Last night, the game Assassins ended with a battle royale at midnight on Old Main Lawn, between the fifteen remaining players. They survived 150 other assassins, to make it to the final round, only to spend the last ten minutes of the game searching all the trees in Arkansas’s arboretum for the last target, who was well hidden. However, this is an email I received from Matt Bakke, a pledge who was killed this past weekend.

The best way to describe it is an overwhelming sense of nothingness.

That last shot of adrenaline when danger is near, and then you feel those liberating drops of water.

Hit, wet, free. No more walking up 6 filghts of stairs. No more sidewalk chases and wall climbing. No more making body shields out of passerby’s. No more stakeouts outside your door. No more being chased out of residence halls for sneaking in by angry RA’s and secuirty. No more cryptic texts, “Hey man, What are you up to?” No more suspiciously attractive females asking what you’re doing later. No more people hiding in bathroom stalls. No more avoiding your room like the plague. No more piles of laundry from not going to the laundry room. No more broken water guns soaking your pocket. No more furtive glances over your shoulder, and twitchy 360’s, no more accidentally shooting someone for looking suspicious, no more hours in the library, no more creeping on your targets house.

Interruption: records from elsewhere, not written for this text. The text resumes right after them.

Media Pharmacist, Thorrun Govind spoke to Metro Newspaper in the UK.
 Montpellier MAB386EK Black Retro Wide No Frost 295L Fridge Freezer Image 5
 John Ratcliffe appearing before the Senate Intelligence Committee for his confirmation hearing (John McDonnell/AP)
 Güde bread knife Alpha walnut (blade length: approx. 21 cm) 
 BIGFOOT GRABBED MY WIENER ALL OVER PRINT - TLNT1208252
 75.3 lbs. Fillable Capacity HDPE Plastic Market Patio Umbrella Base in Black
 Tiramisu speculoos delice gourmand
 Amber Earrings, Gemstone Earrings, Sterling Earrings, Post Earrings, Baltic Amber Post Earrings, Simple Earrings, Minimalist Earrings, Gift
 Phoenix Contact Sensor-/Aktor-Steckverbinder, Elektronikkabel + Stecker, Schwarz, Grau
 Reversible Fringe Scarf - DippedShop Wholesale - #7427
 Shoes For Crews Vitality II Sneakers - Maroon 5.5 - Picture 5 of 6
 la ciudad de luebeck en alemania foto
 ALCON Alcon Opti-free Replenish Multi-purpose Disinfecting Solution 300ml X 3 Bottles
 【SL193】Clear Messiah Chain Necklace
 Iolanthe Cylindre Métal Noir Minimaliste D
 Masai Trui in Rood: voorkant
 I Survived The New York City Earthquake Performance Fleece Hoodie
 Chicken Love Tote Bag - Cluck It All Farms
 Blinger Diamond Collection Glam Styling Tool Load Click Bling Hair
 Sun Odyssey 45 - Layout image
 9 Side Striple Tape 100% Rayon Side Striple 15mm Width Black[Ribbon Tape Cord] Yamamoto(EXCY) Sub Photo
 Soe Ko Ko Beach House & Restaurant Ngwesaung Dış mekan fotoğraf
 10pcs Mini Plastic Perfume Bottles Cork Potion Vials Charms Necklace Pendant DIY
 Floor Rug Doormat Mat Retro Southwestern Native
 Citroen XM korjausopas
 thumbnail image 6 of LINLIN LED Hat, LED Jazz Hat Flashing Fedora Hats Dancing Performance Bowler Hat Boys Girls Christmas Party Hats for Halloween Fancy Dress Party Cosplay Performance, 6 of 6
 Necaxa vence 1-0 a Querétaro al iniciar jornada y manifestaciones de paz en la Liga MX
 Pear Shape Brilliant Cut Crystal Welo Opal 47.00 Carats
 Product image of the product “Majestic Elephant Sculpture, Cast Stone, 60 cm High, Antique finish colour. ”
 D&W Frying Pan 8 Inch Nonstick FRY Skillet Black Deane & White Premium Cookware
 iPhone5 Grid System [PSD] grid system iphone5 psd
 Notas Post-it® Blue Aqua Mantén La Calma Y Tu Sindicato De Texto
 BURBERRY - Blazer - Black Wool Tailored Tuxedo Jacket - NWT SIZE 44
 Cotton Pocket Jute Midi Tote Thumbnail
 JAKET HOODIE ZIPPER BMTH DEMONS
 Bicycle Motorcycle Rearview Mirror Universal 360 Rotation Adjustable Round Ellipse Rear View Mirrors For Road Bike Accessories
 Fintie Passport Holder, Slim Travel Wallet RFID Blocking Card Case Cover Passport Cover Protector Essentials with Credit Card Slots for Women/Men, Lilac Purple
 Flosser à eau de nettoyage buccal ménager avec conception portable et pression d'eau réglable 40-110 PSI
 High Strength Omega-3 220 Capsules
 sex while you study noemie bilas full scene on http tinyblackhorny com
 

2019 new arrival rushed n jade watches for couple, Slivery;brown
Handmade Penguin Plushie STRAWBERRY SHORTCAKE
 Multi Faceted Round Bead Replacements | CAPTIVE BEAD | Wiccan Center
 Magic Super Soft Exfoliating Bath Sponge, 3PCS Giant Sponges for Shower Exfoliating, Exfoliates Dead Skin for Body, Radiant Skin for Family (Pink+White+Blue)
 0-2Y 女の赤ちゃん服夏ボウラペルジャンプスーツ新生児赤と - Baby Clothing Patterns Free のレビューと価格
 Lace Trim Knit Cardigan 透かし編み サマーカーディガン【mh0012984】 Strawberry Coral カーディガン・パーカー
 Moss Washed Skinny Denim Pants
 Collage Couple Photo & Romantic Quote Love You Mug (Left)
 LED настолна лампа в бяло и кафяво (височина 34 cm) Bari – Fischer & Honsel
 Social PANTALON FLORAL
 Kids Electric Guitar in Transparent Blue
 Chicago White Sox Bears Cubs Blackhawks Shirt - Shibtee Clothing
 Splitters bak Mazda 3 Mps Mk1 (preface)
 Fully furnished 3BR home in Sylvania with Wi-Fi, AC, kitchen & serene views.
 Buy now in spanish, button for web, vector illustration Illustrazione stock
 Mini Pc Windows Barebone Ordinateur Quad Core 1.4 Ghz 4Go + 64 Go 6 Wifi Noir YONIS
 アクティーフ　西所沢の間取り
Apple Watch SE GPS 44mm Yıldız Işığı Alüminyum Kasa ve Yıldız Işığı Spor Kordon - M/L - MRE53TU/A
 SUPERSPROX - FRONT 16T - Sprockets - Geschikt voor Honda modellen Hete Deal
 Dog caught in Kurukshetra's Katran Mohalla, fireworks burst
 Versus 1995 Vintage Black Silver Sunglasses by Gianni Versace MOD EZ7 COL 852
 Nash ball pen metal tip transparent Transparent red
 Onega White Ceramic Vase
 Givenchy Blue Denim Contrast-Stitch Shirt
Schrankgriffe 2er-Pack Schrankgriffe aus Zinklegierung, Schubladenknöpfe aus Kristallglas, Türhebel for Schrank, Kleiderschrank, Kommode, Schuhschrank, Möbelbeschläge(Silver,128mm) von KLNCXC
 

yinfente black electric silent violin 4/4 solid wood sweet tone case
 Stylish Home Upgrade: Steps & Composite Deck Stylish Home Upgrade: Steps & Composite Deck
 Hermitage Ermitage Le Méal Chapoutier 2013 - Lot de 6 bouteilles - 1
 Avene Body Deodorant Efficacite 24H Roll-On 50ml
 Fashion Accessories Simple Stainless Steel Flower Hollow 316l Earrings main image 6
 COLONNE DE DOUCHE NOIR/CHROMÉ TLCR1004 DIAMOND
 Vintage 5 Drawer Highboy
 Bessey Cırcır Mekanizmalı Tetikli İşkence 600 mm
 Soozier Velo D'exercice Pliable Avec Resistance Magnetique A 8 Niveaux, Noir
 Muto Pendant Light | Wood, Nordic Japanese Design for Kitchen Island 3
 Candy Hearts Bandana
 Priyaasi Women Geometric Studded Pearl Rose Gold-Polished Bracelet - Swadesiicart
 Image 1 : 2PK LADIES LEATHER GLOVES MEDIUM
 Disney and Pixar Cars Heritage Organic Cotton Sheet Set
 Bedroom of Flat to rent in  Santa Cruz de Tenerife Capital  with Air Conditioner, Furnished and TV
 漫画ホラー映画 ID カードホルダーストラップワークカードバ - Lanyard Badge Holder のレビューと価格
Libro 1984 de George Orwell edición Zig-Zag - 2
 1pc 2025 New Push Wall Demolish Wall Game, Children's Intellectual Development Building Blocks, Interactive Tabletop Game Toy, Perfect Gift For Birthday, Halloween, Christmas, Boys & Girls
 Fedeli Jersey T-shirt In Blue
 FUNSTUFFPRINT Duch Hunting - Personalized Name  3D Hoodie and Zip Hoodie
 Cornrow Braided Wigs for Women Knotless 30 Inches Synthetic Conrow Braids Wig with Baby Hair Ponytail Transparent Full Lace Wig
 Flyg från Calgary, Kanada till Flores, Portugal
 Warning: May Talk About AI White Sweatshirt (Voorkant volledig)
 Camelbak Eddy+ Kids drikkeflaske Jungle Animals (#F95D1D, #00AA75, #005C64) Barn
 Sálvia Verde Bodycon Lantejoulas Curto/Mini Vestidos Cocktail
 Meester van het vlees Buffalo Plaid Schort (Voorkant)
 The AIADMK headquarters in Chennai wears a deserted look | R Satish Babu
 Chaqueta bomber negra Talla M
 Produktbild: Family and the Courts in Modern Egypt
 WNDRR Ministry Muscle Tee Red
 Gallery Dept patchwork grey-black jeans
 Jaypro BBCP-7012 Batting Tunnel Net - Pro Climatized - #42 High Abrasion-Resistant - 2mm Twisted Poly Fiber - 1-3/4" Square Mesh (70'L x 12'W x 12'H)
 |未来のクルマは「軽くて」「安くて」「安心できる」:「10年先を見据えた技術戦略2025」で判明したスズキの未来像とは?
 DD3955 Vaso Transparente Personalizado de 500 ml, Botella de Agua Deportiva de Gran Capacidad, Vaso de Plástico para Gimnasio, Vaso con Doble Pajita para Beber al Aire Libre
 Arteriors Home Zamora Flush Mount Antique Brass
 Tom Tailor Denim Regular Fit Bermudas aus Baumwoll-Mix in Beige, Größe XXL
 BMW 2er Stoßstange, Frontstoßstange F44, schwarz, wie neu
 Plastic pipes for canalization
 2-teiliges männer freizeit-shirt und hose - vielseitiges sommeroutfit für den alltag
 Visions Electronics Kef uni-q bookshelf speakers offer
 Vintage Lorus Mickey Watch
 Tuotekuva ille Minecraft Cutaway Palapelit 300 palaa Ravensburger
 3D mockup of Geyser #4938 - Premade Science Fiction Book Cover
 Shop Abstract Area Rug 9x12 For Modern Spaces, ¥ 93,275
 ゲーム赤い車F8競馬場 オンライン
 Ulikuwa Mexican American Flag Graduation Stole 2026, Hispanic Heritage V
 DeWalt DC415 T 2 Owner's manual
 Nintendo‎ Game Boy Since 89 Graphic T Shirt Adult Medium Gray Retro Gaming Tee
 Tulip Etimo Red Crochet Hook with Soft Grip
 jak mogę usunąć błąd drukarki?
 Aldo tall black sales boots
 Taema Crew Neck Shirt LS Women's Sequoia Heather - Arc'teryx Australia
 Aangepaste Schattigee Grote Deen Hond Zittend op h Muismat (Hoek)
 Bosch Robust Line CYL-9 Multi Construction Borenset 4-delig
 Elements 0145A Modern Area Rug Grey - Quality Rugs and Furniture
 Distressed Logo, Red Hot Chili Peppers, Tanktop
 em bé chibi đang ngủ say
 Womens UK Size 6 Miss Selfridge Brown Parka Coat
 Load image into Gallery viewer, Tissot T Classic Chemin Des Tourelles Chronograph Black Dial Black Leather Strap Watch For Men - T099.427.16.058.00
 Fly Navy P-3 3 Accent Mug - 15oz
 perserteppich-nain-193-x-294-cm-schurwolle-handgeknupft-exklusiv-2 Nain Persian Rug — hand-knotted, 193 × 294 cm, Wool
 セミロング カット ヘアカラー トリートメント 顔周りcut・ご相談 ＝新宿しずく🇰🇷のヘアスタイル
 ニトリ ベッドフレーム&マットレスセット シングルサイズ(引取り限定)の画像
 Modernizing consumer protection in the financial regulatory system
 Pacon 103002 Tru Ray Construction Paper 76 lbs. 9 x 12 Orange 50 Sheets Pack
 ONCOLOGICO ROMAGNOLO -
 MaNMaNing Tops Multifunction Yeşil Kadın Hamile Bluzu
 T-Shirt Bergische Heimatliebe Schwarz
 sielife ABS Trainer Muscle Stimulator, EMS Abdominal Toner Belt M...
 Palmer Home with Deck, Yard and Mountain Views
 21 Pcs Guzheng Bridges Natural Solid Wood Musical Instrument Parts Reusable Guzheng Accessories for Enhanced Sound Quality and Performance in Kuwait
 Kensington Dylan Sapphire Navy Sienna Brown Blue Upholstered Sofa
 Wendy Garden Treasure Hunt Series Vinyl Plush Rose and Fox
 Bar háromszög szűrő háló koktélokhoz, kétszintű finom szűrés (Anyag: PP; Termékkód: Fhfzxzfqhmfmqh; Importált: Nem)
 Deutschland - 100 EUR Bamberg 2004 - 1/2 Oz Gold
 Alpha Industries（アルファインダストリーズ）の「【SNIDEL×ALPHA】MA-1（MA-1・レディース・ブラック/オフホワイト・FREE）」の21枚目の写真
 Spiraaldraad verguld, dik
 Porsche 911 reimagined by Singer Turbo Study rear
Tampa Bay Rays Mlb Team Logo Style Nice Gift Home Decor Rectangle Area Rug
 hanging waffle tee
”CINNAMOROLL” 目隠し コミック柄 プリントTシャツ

Just Kevin Lawson in a dark coat with the joy of the kill in his eyes.

and Freedom.

The First Man I’ve Met So Far

I went to Stillwater for the OSU Homecoming; the festivities were gorgeous and crowed, and the city was flat and debilitated personalities. Leaving Stillwater, I felt like a person again. However, neither the crippling depression that waits for you there or the $50,000 dollar Greek lawn decorations were what made a lasting influence. The memory I left Stillwater with was of the man Stony Fath.

It’s pronounced Faith. Stony Fath, like he was faith like a rock hard foundation, or like a stripper’s name. Stony is 6’2″, 220 lbs of lumberjack; he transferred to OSU after two years playing linebacker for the Air Force Academy still left something to be desired in life. He’s kept a well trimmed beard and receeding hairline consistently since the tenth grade. Stony lives alone in a one room house decorated with oil paintings of small children. He’s built most of his furniture and spends his time reading the Jewish Roman historian Josephus. I cannot make this up.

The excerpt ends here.